Wherefore henceforth know we no man after the flesh..... Since the death and resurrection of Christ, which has broken down the middle wall of partition, and has took away all distinction of men, we know, we esteem, we value no man on account of his carnal descent, and fleshy privileges, as being of the Jewish nation, a descendant of Abraham, and circumcised as he was; or on account of their outward state and condition, as being rich and honourable among men, or on account of their natural parts and acquirements, their learning, wisdom, and eloquence; nor do we own any man to be a Christian, that lives after the flesh, to himself, and not to Christ; nor do we make account of the saints themselves as in this mortal state, but as they will be in the resurrection, in consequence of Christ's having died for them, and rose again.

Yea, though we have known Christ after the flesh: some of them had seen him in the flesh; others valued him on account of his being of the Jewish nation, and of his relation to them according to the flesh; and all of them had formerly entertained carnal apprehensions of him, and his kingdom, as though it would be a temporal one:

yet now henceforth know we him more; no more in this mortal state, being risen from the dead; nor do we value ourselves upon having seen him in the flesh; for though such a sight and knowledge of him was desirable, yet a spiritual knowledge is much more preferable; and many there were who knew him in the flesh, who neither enjoy his spiritual presence here, nor will they be favoured with his glorious presence hereafter.
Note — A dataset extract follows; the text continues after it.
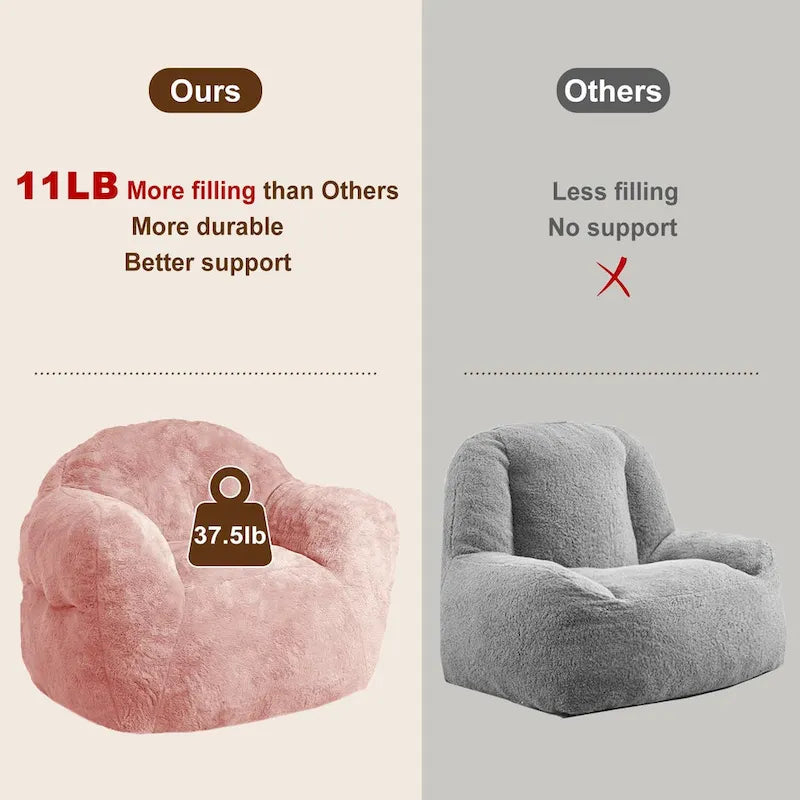 Fauteuil poire pour adultes et enfants – Gris foncé / Rose / Gris clair / Beige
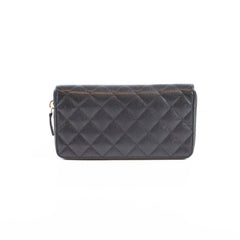 Chanel Quilted Caviar Long Wallet Black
Moreover, we do not judge of him as we did before we had a spiritual knowledge of him, and as our countrymen did, by his outward circumstances, by his parentage and education, his poverty and afflictions, his company and conversation, that he could not be the Messiah, the Son of God, and therefore was worthy of death; we have quite other thoughts and apprehensions of him now, believing him to be the Christ of God, a spiritual Saviour and Redeemer, whose kingdom is not of this world; we have relinquished all our national prejudices, and former notions, concerning the Messiah, his kingdom, and people. Some copies add, "after the flesh"; and the Arabic version, "yet now know we him no more in that".

{9} Wherefore henceforth know we no man after the flesh: {10} yea, though we have known Christ after the flesh, yet now henceforth know we him no more.

(9) He shows what it is not to live to ourselves but to Christ, that is, to know no man according to the flesh. That is to say, to be conversant among men and yet not to care for those worldly and carnal things, as those do who have regard for a man's family, his country, form, glory, riches, and such like, in which men commonly dote and weary themselves.

(10) An amplification: This is, he says, so true, that we do not now think carnally of Christ himself, who has now left the world, and therefore he must be thought of spiritually by us.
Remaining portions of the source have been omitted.